Collected data

-----

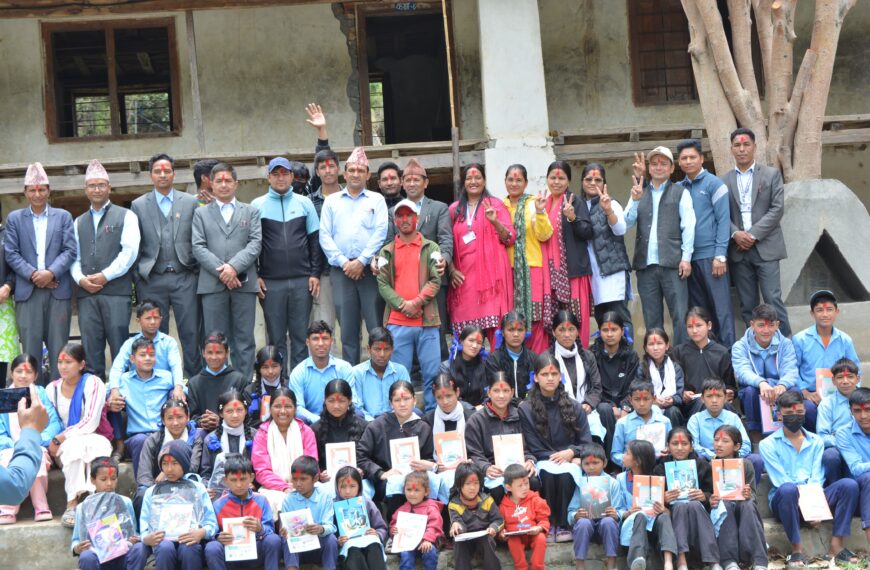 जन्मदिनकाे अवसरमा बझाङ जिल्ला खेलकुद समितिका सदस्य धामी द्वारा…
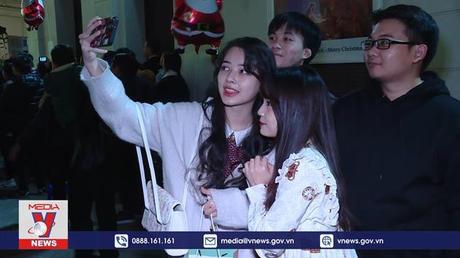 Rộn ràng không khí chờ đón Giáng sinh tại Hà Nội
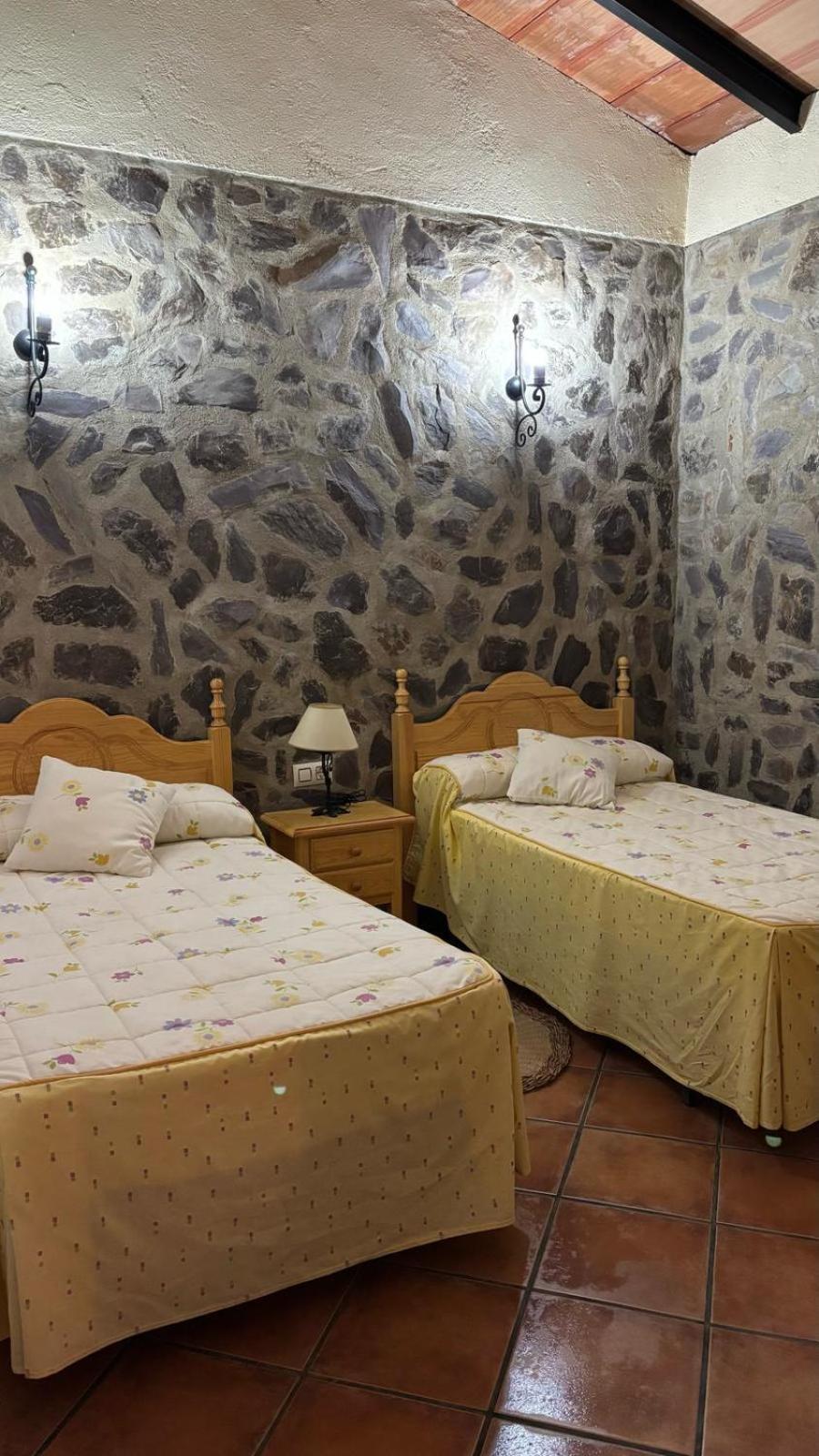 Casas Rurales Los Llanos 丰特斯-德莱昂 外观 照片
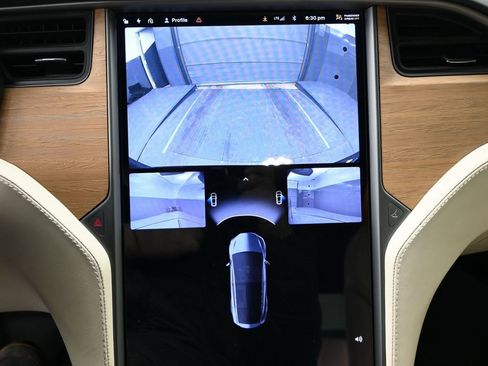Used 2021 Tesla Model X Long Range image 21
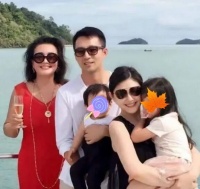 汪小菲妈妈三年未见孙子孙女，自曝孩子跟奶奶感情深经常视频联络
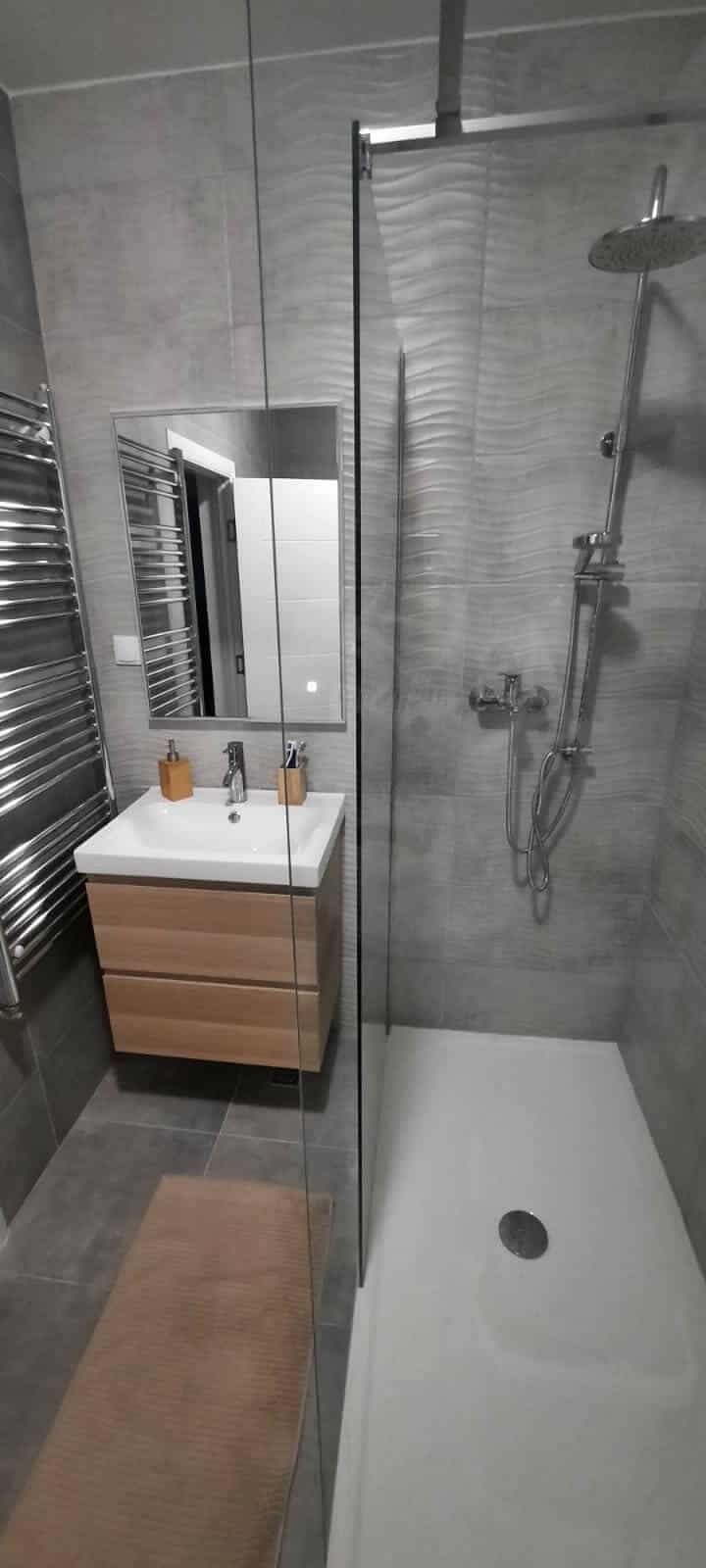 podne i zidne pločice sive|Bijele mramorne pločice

-----

The task -
Each record must be repeated verbatim, and no picture may appear in the copy.

Task result -
 जन्मदिनकाे अवसरमा बझाङ जिल्ला खेलकुद समितिका सदस्य धामी द्वारा…
 Rộn ràng không khí chờ đón Giáng sinh tại Hà Nội
 Casas Rurales Los Llanos 丰特斯-德莱昂 外观 照片
Used 2021 Tesla Model X Long Range image 21
 汪小菲妈妈三年未见孙子孙女，自曝孩子跟奶奶感情深经常视频联络
 podne i zidne pločice sive|Bijele mramorne pločice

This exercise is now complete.